Piccola Orchestra La Viola - Arovà

La Piccola Orchestra La Viola pubblica presso Il Manifesto Cd un ottimo disco, intitolato Arovà, in cui la ricca formazione di musicisti è affiancata da importanti collaborazioni, come quelle di Riccardo Tesi, Daniele Sepe e Peppe Barra. Si tratta di un percorso musicale appassionante sospeso tra la tradizione e la ricerca personale, tra il recupero del passato e il bisogno di innovazione. Un disco raffinato e appassionante, colto e popolare, che viene descritto con precisione e con passione da Alessandro D'Alessandro in questa intervista che pubblichiamo in forma integrale.

Potete presentare ai lettori una breve storia della vostra Piccola Orchestra? Quando si è formata, con quale progetto, chi ne ha fatto parte e così via.

Il progetto "Piccola Orchestra La Viola" nasce nel 1994 da un'iniziativa di Antonella Costanzo (voce solista) e di Alessandro Parente (direttore e compositore). Lo scopo è quello di creare una formazione stabile con una particolare attenzione alla riscoperta delle nostre radici culturali e musicali, quindi (almeno in partenza) legata strettamente alla musica popolare. Strumento sul quale si è concentrata la ricerca maggiore (anche vista la notevole presenza nel gruppo) è l'organetto.

La collaborazione discografica con Angelo Branduardi nel 2000 nel disco "L'infinitamente piccolo" (EMI), in cui la POLV incide un brano scritto da Alessandro Parente, apre la strada ad un forte cambiamento della formazione, che subirà negli anni molteplici trasformazioni. Attraverso un percorso durato quasi 15 anni ha raggiunto una stabilità di organico.

La POLV oggi è: Antonella Costanzo (voce solista), Alessandro Parente (direttore), Alessandro D'Alessandro (organetto solista), Elisa Di Bello, Giuseppe Di Bello, Gianfranco Onairda, Silvia Di Bello, Laerte Scotti, Francesca Villani, Stefania Pisanò, Rosalba Punzo, Matteo Mattoni (organetti), Giacomo Nardone (organetto, bassoon), Valentina Lauri, Maria Sole La Torre (percussioni), Daniele Chiantese (cocktail drum) e Mario Mazzenga (basso elettrico).

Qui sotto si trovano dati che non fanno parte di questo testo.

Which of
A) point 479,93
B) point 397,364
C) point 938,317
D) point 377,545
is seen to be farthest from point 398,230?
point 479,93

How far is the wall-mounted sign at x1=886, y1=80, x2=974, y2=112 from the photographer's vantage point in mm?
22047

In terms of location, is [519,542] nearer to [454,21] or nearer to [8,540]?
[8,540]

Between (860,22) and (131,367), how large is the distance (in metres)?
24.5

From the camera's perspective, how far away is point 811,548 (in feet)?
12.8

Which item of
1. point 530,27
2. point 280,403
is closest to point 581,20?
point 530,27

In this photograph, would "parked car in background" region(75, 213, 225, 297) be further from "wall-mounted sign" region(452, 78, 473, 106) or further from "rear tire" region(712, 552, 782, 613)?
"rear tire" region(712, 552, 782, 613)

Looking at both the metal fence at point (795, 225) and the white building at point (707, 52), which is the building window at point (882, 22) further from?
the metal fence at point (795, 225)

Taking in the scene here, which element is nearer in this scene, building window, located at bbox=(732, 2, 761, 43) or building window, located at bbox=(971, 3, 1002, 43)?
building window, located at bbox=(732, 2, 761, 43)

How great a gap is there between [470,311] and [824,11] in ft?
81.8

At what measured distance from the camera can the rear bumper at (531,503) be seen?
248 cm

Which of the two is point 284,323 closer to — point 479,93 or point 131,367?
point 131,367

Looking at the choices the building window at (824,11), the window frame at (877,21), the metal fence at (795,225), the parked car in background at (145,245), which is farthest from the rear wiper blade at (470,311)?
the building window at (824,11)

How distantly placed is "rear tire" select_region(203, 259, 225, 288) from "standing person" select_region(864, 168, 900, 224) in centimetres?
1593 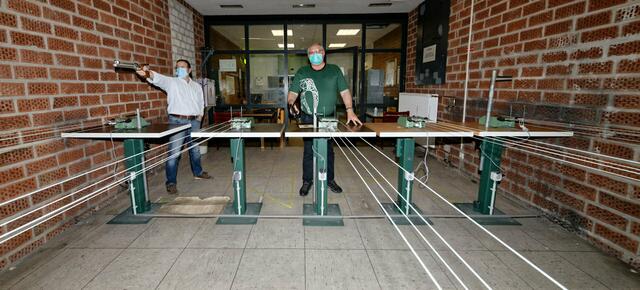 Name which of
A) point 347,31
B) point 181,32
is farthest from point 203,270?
point 347,31

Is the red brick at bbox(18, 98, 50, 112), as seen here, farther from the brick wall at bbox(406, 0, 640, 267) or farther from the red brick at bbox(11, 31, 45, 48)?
the brick wall at bbox(406, 0, 640, 267)

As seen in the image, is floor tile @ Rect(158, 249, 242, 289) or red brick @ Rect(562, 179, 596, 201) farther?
red brick @ Rect(562, 179, 596, 201)

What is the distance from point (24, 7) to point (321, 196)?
8.50 feet

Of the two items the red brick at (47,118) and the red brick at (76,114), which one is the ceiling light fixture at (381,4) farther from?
the red brick at (47,118)

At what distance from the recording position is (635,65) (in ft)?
6.55

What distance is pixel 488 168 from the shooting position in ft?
8.98

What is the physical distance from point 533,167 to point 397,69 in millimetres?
3883

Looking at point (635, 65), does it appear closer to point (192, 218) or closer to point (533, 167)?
point (533, 167)

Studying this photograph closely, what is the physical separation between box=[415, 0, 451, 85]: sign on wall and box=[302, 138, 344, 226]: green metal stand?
2.91 m

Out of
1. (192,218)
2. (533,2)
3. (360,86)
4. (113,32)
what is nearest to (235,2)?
(113,32)

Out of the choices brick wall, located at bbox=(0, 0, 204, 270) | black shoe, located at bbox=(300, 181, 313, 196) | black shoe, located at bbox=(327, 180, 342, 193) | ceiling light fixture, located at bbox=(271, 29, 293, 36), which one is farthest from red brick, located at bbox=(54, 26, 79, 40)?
ceiling light fixture, located at bbox=(271, 29, 293, 36)

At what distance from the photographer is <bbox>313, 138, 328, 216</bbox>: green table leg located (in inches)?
102

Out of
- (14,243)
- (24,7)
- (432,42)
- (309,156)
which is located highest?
(432,42)

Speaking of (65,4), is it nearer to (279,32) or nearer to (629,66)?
(629,66) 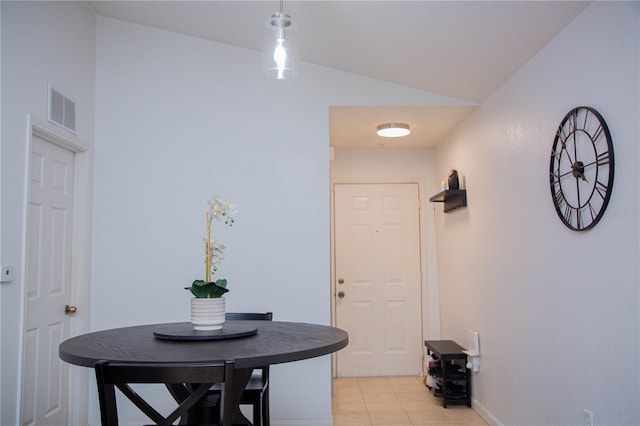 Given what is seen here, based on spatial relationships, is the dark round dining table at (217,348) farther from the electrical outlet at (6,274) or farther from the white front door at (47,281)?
the white front door at (47,281)

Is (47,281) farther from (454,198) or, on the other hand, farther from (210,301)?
(454,198)

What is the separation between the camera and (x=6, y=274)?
8.68ft

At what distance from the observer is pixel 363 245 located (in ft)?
17.0

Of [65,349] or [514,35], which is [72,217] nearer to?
[65,349]

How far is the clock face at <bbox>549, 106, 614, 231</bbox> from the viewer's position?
2225mm

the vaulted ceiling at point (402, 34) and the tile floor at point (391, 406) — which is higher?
the vaulted ceiling at point (402, 34)

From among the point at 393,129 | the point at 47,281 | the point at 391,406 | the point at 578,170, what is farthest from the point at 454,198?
the point at 47,281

Quindi nel tempo sono stati affiancati agli strumenti della "tradizione", strumenti "moderni" come il basso e la batteria, o strumenti "nuovi" come il bassoon (un organetto basso costruito appositamente per la POLV).

Nella presentazione per la stampa di "Arovà" si evidenzia la presenza e l'importanza della nostalgia nel vostro disco. Eppure quella che si ascolta è nella maggior parte dei casi una musica piena di energia e solare...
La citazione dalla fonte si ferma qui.